• Instructions for the task:
Once you reach the line containing "Rhododendron yongii Argent - BM000996701", write out that line and every remaining line of the records exactly.

**** Source information

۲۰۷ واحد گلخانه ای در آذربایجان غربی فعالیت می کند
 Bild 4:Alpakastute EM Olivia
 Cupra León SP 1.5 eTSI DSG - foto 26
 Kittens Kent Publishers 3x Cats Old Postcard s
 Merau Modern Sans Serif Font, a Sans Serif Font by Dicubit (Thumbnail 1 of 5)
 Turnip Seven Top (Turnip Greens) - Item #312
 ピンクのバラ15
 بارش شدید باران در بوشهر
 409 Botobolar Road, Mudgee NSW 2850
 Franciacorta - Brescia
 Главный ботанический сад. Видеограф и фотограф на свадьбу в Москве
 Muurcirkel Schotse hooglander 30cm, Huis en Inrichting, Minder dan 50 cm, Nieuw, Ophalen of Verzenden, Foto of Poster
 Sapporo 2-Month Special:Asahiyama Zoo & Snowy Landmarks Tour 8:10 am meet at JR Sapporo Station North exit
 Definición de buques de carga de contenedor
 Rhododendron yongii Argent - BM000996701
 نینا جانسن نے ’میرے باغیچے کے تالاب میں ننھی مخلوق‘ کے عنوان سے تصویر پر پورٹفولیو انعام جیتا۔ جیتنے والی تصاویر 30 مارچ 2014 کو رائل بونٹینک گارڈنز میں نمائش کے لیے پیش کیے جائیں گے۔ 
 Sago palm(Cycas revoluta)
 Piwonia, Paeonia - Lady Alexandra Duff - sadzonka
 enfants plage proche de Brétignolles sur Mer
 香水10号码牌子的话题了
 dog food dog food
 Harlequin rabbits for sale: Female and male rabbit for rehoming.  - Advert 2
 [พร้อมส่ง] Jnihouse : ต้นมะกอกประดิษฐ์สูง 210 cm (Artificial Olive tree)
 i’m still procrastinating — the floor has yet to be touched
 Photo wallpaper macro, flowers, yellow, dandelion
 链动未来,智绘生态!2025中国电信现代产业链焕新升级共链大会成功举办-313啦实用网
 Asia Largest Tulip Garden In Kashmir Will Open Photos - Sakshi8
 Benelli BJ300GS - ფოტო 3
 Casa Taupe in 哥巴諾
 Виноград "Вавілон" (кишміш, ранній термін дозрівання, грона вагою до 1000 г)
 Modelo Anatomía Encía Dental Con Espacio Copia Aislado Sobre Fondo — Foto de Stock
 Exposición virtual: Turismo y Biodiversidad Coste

********

• Answer section:
 Rhododendron yongii Argent - BM000996701
 نینا جانسن نے ’میرے باغیچے کے تالاب میں ننھی مخلوق‘ کے عنوان سے تصویر پر پورٹفولیو انعام جیتا۔ جیتنے والی تصاویر 30 مارچ 2014 کو رائل بونٹینک گارڈنز میں نمائش کے لیے پیش کیے جائیں گے۔ 
 Sago palm(Cycas revoluta)
 Piwonia, Paeonia - Lady Alexandra Duff - sadzonka
 enfants plage proche de Brétignolles sur Mer
 香水10号码牌子的话题了
 dog food dog food
 Harlequin rabbits for sale: Female and male rabbit for rehoming.  - Advert 2
 [พร้อมส่ง] Jnihouse : ต้นมะกอกประดิษฐ์สูง 210 cm (Artificial Olive tree)
 i’m still procrastinating — the floor has yet to be touched
 Photo wallpaper macro, flowers, yellow, dandelion
 链动未来,智绘生态!2025中国电信现代产业链焕新升级共链大会成功举办-313啦实用网
 Asia Largest Tulip Garden In Kashmir Will Open Photos - Sakshi8
 Benelli BJ300GS - ფოტო 3
 Casa Taupe in 哥巴諾
 Виноград "Вавілон" (кишміш, ранній термін дозрівання, грона вагою до 1000 г)
 Modelo Anatomía Encía Dental Con Espacio Copia Aislado Sobre Fondo — Foto de Stock
 Exposición virtual: Turismo y Biodiversidad Coste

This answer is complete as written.